Note: you may need to restart the kernel to use updated packages.


In [2]:
import sys
import requests
from PyQt5.QtWidgets import QApplication, QMainWindow, QVBoxLayout, QWidget, QLabel, QLineEdit, QPushButton, QTextEdit
from PyQt5.QtGui import QFont
from PyQt5.QtCore import Qt
from bs4 import BeautifulSoup
from nltk.corpus import stopwords
from nltk.stem import PorterStemmer
from nltk.tokenize import word_tokenize
from collections import defaultdict
import nltk

# Télécharger les données nécessaires de NLTK
nltk.download('punkt')
nltk.download('stopwords')

# Initialiser le stemming et les mots vides
stemmer = PorterStemmer()
stop_words = set(stopwords.words("english"))

def get_html_source(url):
    try:
        response = requests.get(url)
        response.raise_for_status()
        return response.text
    except requests.exceptions.RequestException as e:
        print(f"Erreur lors de la récupération de l'URL: {e}")
        return None

def extract_text_from_html(html_source):
    soup = BeautifulSoup(html_source, "html.parser")
    return soup.get_text()

def process_text(text):
    tokens = word_tokenize(text)
    processed_tokens = []
    for word in tokens:
        word = word.lower()
        if word.isalpha() and word not in stop_words:
            stemmed_word = stemmer.stem(word)
            processed_tokens.append(stemmed_word)
    return processed_tokens

def build_inverted_index(urls):
    inverted_index = defaultdict(list)
    for url in urls:
        html_source = get_html_source(url)
        if html_source:
            text = extract_text_from_html(html_source)
            tokens = process_text(text)
            for position, token in enumerate(tokens):
                inverted_index[token].append((url, position))
    return dict(inverted_index)

# Liste des URLs à indexer
urls = [
    # "https://www.musicca.com/note-finder",
    # "https://www.musicca.com/interval-finder",
    # "https://www.musicca.com/chord-finder",
    # "https://www.musicca.com/scale-finder"
    'https://smartways.com.tn',
    'https://smartways.com.tn/index.php/contact-us/',
    'https://satisfyinsight.com/'
]

# Construire l'index inversé
inverted_index = build_inverted_index(urls)

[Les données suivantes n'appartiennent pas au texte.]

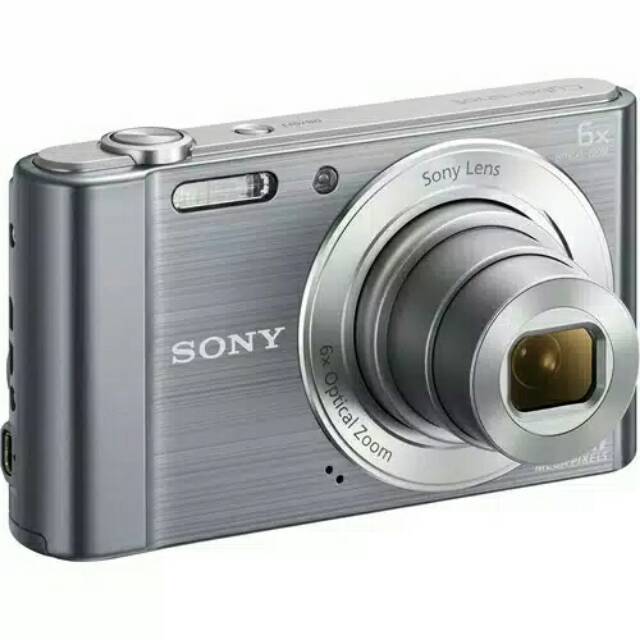 SONY Camera Pocket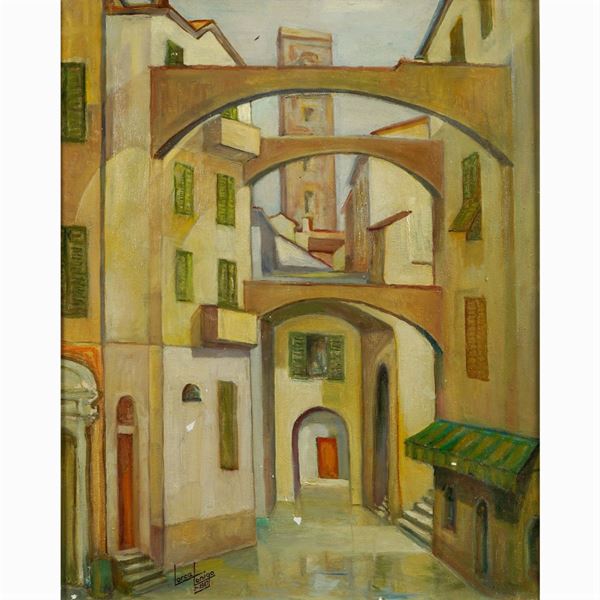 Lorca Lonigo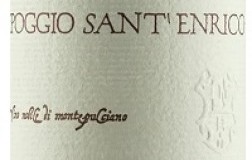 Carpineto Vino Nobile di Montepulciano Vigneto di Poggio Sant'Enrico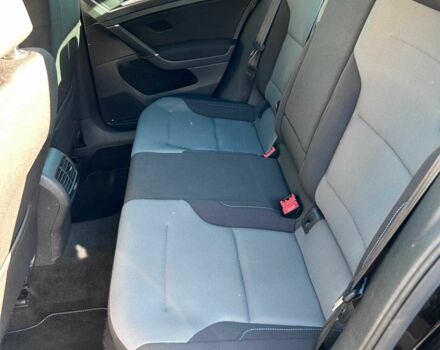 Чорний Фольксваген Гольф, об'ємом двигуна 0 л та пробігом 94 тис. км за 7100 $, фото 19 на Automoto.ua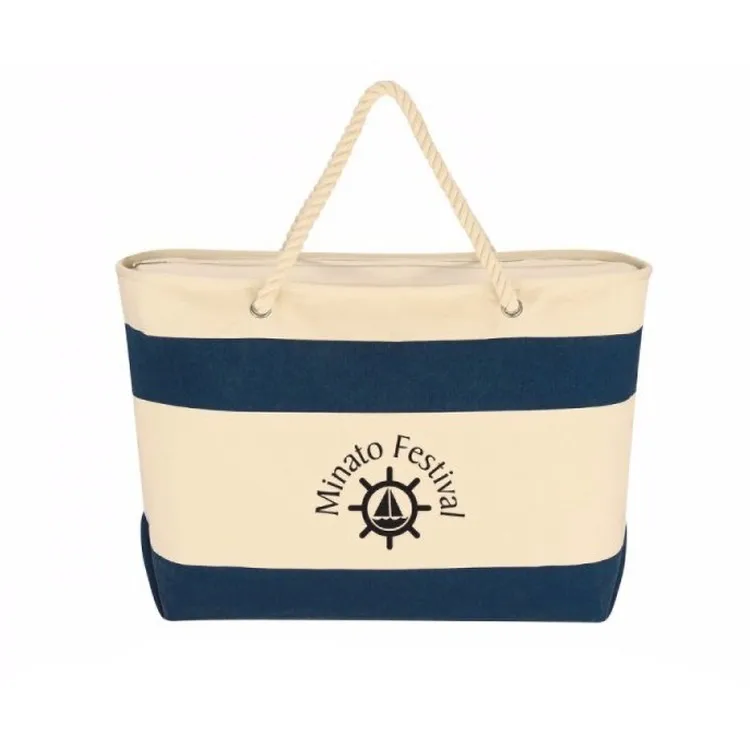 FeiFei Cotton canvas decorations designer Shoulder Tote Bag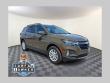 Used 2023 Chevrolet Equinox LT SUV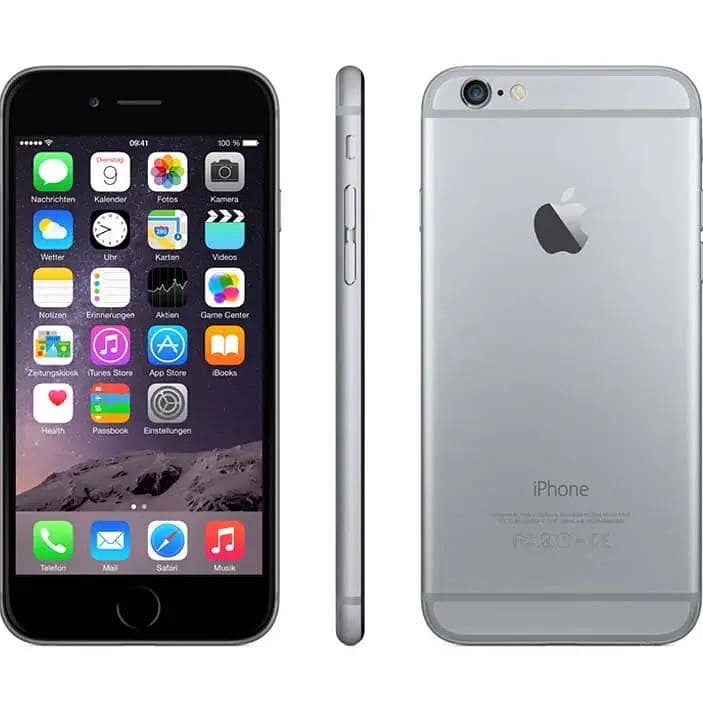 iPhone (6s,7,8) 0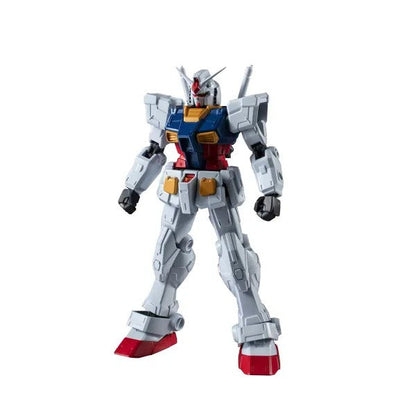 Gundam Universe Mobile Suit Gundam 6 Inch Action Figure - RX-78-2 Gundam Renewal GU-42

class IndexSearchApp(QMainWindow):
    def __init__(self):
        super().__init__()
        self.setWindowTitle("Recherche par Indexation Stylisée")
        self.setGeometry(200, 200, 600, 500)

        # Créer les widgets
        layout = QVBoxLayout()
        layout.setAlignment(Qt.AlignTop)

        title_label = QLabel("Moteur de Recherche par Indexation")
        title_label.setFont(QFont("Arial", 16, QFont.Bold))
        title_label.setAlignment(Qt.AlignCenter)
        layout.addWidget(title_label)

        self.label = QLabel("Entrez le mot-clé à rechercher :")
        self.label.setFont(QFont("Arial", 12))
        layout.addWidget(self.label)

        self.keyword_input = QLineEdit()
        self.keyword_input.setFont(QFont("Arial", 12))
        self.keyword_input.setStyleSheet("padding: 6px; border: 1px solid #555; border-radius: 8px;")
        layout.addWidget(self.keyword_input)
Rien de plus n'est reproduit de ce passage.